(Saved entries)
■ ■ ■ ■ ■ ■ ■
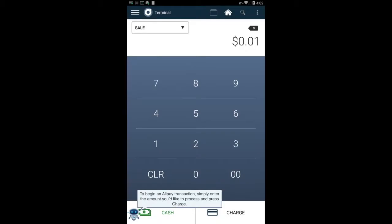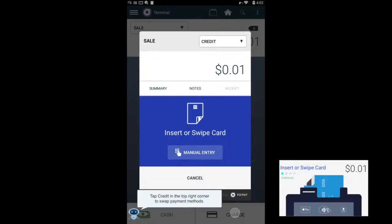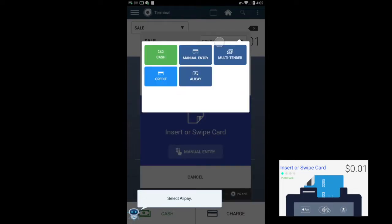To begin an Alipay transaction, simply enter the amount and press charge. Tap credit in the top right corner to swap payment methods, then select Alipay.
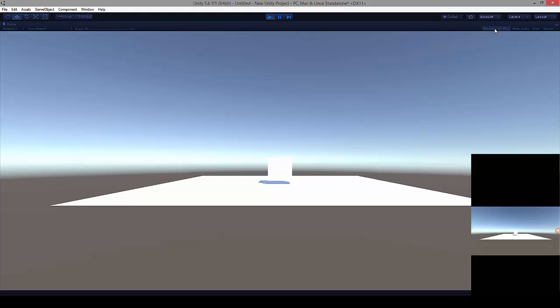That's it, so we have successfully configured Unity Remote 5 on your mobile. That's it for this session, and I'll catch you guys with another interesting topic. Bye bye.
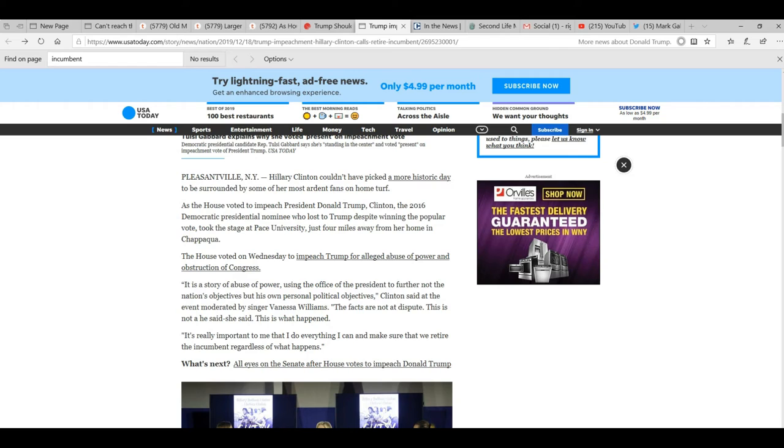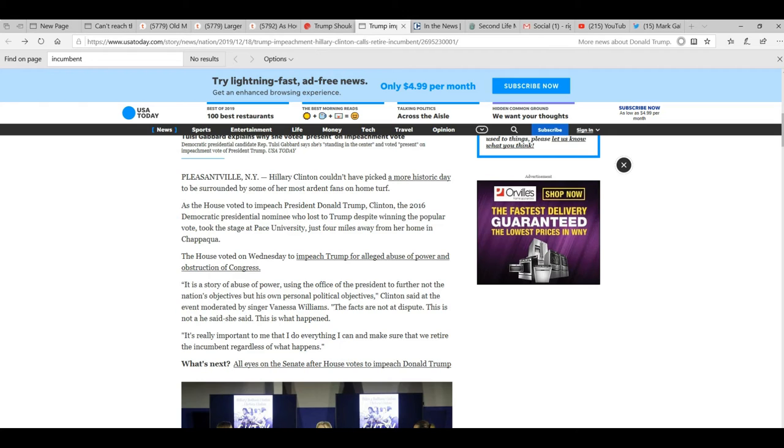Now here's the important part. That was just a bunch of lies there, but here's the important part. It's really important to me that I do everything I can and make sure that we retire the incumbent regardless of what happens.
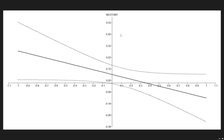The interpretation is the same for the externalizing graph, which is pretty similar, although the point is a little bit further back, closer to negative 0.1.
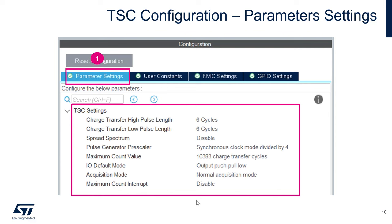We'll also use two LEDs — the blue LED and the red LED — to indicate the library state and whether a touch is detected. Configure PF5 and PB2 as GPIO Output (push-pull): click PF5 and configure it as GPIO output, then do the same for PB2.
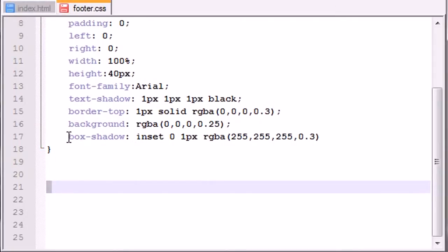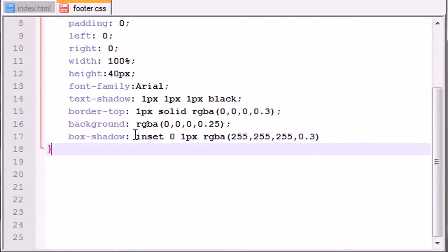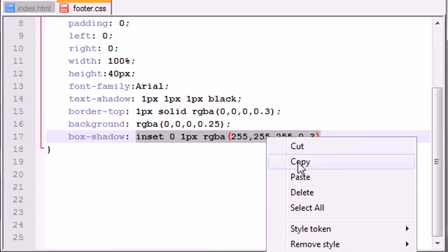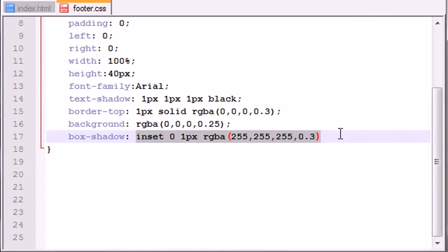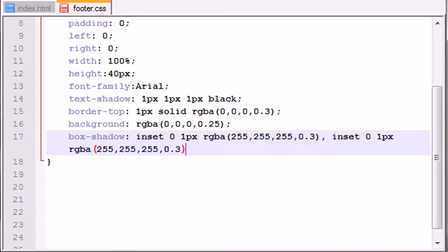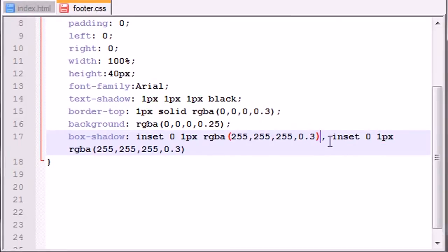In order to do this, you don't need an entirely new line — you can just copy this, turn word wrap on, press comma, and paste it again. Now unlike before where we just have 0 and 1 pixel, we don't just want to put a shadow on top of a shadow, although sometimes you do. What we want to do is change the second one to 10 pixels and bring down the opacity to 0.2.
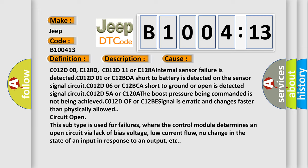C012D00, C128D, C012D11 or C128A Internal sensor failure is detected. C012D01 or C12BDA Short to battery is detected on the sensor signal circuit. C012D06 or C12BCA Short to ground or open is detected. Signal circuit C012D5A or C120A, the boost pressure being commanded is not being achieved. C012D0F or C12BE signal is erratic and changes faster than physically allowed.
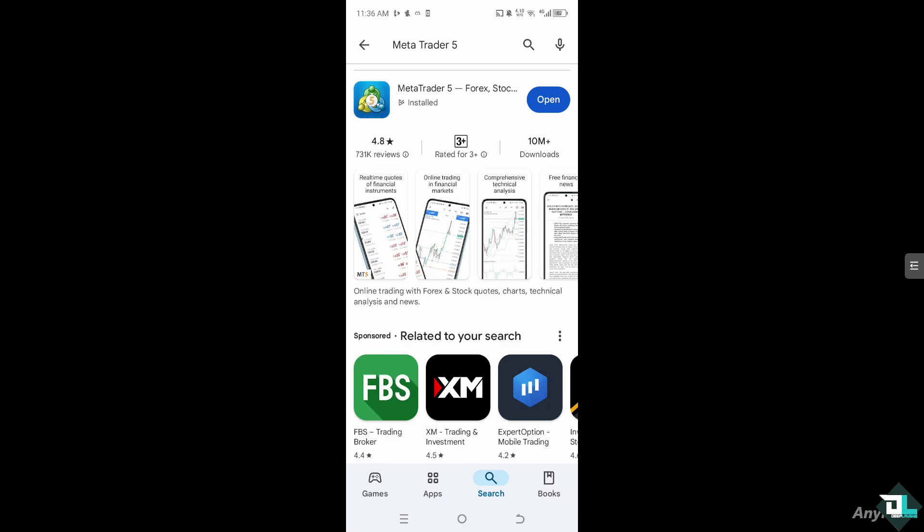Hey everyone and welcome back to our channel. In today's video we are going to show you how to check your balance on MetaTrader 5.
■ ■ ■ ■ ■ ■ ■
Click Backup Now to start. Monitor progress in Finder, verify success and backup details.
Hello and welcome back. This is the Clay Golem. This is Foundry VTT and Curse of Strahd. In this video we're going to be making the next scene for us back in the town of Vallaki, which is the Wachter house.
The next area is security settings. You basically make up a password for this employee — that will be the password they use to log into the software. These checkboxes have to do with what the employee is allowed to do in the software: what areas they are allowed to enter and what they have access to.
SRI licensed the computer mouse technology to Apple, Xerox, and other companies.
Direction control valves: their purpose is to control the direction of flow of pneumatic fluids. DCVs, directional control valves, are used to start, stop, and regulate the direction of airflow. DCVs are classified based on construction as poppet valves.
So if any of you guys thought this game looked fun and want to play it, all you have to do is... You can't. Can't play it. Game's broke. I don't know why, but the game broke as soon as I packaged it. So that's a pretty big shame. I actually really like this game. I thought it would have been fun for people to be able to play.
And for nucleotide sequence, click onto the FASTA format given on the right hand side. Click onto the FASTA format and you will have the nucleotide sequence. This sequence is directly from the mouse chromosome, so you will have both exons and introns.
■ ■ ■ ■ ■ ■ ■
Above are the records; copy from them only the lines starting at the one containing "We'll also use" and ending at the one containing "In order to", exactly and without pictures.

We'll also use two LEDs — the blue LED and the red LED — to indicate the library state and whether a touch is detected. Configure PF5 and PB2 as GPIO Output (push-pull): click PF5 and configure it as GPIO output, then do the same for PB2.
In order to do this, you don't need an entirely new line — you can just copy this, turn word wrap on, press comma, and paste it again. Now unlike before where we just have 0 and 1 pixel, we don't just want to put a shadow on top of a shadow, although sometimes you do. What we want to do is change the second one to 10 pixels and bring down the opacity to 0.2.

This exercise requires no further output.